A. The Demise of Patriotism as a Discipline of Love

In the First Process. For reasons that are quite understandable, the very word patriotism became unprintable after the War, notably in Western Europe. Fascist regimes, among others, by abusing the word and the concept, had burned it from our collective consciousness. And in many ways, this has been a positive thing. But we also pay a high price for having banished this word—and the sentiment it expresses—from our psycho-political vocabulary. Because patriotism also has a noble side: The discipline of love and the duty to take care of one’s homeland, people, neighbor and of accepting our civic responsibility toward the community in which we live. In reality, true patriotism is the opposite of fascism: “We do not belong to the State, it’s the State that belongs to us,” and we are responsible for it and what happens to it.

This kind of patriotism is an integral and indispensable part of the republican form of democracy. Today, we may call ourselves the Italian or French Republic or Bundesrepublik, but our democracies are no longer truly republican. There is the State, there is the government, and then there is “us.”

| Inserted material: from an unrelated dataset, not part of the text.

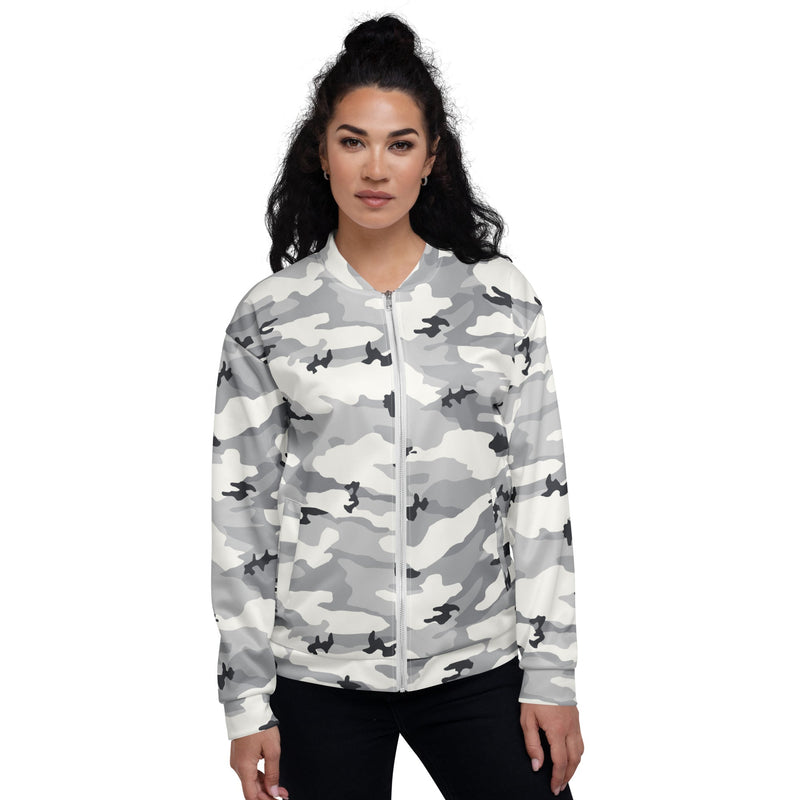 White Birch Monolith Winter CAMO Unisex Bomber Jacket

We are like shareholders of an enterprise. If the directorate of the enterprise, called the Republic, does not produce political and material dividends, then we change managers with a vote during a meeting of shareholders called elections. If there is anything that does not work in our society, we go to the directors—as we do, for example, when our internet connection isn’t working: “We paid [our taxes], and look at the terrible service they’re giving us ….” The State is always the one responsible. Never us. It’s a clientelist democracy that not only takes away our responsibility toward our society and our country, but also removes responsibility from our very human condition.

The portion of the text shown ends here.